Commercio in crisi: 10mila posti a rischio

Stefania Scarpa

Commercio romano in crisi. In calo le vendite dal 10 al 20 per cento nella Capitale: meno 8-10 per cento per le calzature, dal 15 al 20 per cento in meno per l’abbigliamento, i due settori più colpiti dalla crisi. Cifre calate a picco dopo il flop della stagione dei saldi appena conclusa e che non ha dato l’effetto positivo sperato. Tanto che ora gli addetti ai lavori chiedono «regole precise», una «programmazione fissa», un tavolo di confronto che dia il via a un osservatorio permanente sul settore commercio e che pensi, soprattutto, al suo sviluppo.

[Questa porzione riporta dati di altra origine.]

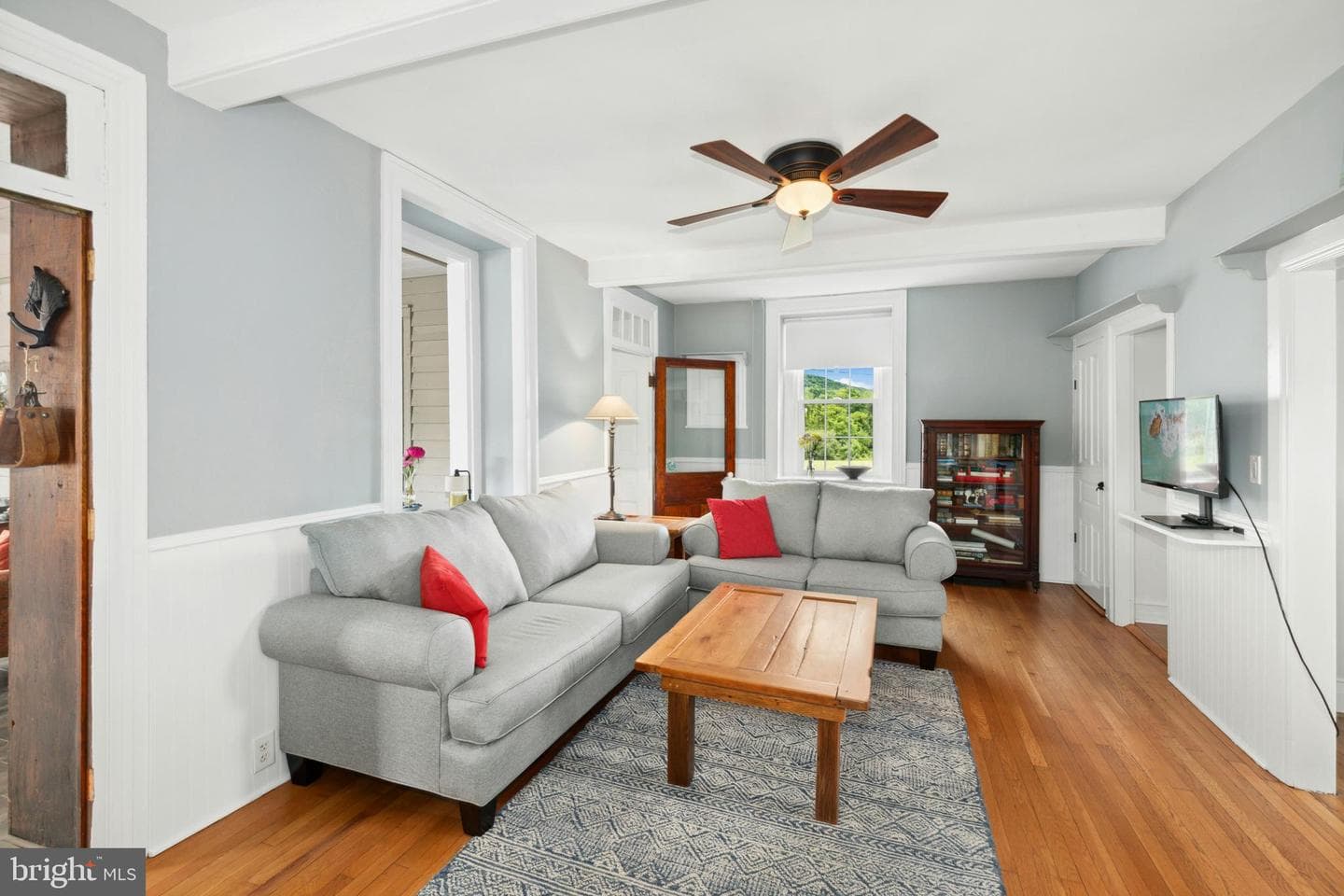 218 Kintner Road photo 11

«Certamente il centro storico, meta di un turismo che non diminuisce, ha risentito in misura minore del calo degli acquisti - dice Valter Giammaria, segretario della Confesercenti di Roma -. La situazione però non è positiva. Tutt’altro. Sono a rischio 10mila posti di lavoro e a settembre potrebbero chiudere dai tre ai quattromila esercizi commerciali. La crisi quest’anno è fortissima e nell’ambiente c’è una grande preoccupazione. Per questo chiediamo l’apertura di un tavolo di programmazione permanente che fissi regole ben precise che al momento non ci sono. D’altronde il commercio a Roma ha da sempre rappresentanto uno specchio della salute economica della città. Non fermare la crisi significa produrre incertezza sul futuro di migliaia di famiglie».

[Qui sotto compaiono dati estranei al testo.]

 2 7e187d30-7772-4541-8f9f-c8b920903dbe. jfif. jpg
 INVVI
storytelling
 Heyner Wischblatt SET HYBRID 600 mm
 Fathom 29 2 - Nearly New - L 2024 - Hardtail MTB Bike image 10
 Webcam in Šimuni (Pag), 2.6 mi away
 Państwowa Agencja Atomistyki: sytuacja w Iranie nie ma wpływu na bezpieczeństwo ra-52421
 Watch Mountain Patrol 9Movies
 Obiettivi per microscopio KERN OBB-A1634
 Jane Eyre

Ciò che preoccupa maggiormente l’associazione di categoria non è la crisi generica degli acquisti, che già nei primi sette mesi dell’anno avevano mostrato una flessione, quanto il fatto che i saldi non siano riusciti a influenzare la situazione con l’atteso effetto positivo. Sott’accusa soprattutto spacci e outlet appena fuori il centro urbano. «È necessario - ha aggiunto Giammaria - una programmazione chiara sul territorio che determini delle coordinate comuni a tutti. È impossibile, ad esempio, che nella provincia di Roma ci siano due outlet in funzione e altri due che apriranno presto. E inoltre, non è giusto che questi centri che dovrebbero lavorare con ribassi del 30-40 per cento tutto l’anno, facciano i saldi come gli altri negozi».

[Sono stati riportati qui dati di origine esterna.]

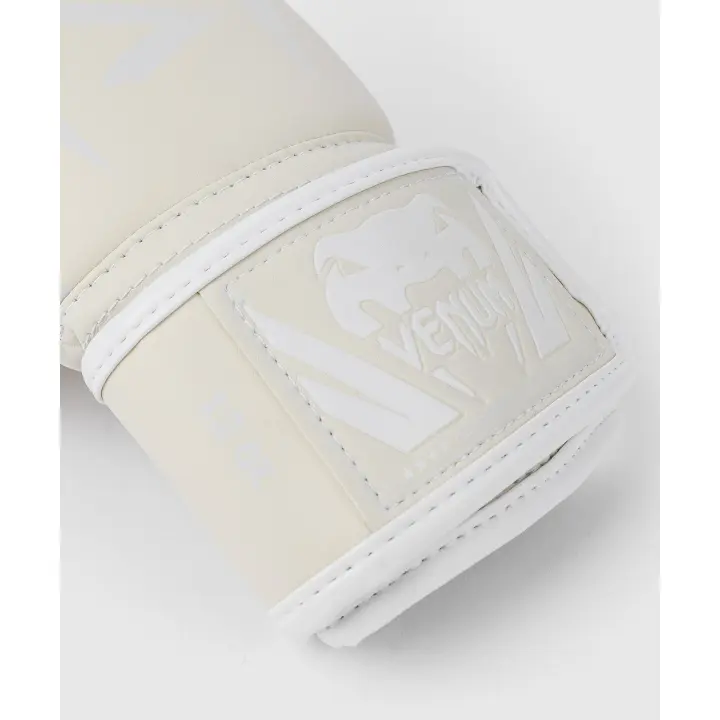 Gants de boxe Venum Elite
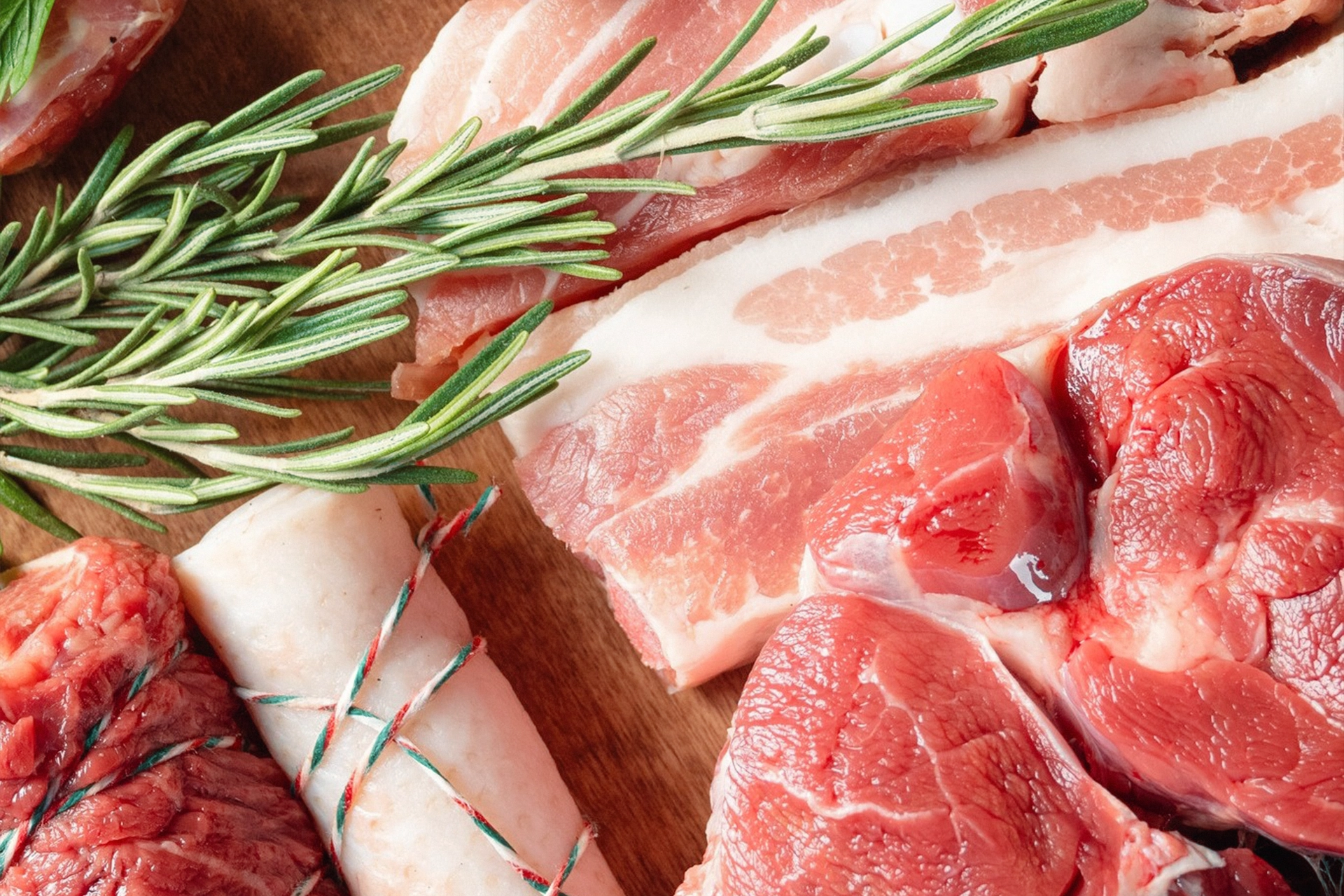 Tagli di carne più apprezzati e richiesti: guida completa per scegliere il meglio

D’altro canto la Confesercenti si dichiara sfavorevole alla liberalizzazione dei saldi che, proprio nella loro eccezionalità hanno il punto di forza e di attrattiva verso i consumatori. Il periodo dei saldi dovrebbe «essere ristretto a 4 settimane alla fine della stagione, solo così i saldi sono saldi». «In particolare a Roma - ha concluso il segretario dell’associazione dei commercianti - da due anni vengono offerti ai turisti dei pacchetti turistici nel periodo delle svendite estive e invernali che permettono loro di visitare la città con sconti nei musei, nei ristoranti e anche in alcuni negozi di abbigliamento.
Questa iniziativa ha già avuto effetti positivi e va potenziata». «I dati illustrati dalla Confesercenti in materia di sensibile calo delle vendite presso gli esercizi commerciali della Capitale vanno analizzati e valutati nella loro gravità». Affermano il capogruppo di Alleanza nazionale alla Provincia di Roma, Piergiorgio Benvenuti, e il capogruppo di An al Campidoglio Sergio Marchi. «È da supportare - hanno aggiunto i due capigruppo - la richiesta avanzata dall’organizzazione degli operatori che chiedono un tavolo di confronto sullo sviluppo del settore». In particolare, Marchi e Benvenuti, puntano il dito contro le strutture commerciali come gli outlet, che stanno avanzando di numero senza un’adeguata programmazione territoriale, a penalizzare i piccoli esercizi.


«È auspicabile - hanno concluso i capigruppo - un osservatorio permanente strategico-operativo, con la partecipazione degli enti locali, delle organizzazioni di categoria per non fare vivere ulteriori crisi ad un settore importante come il commercio romano».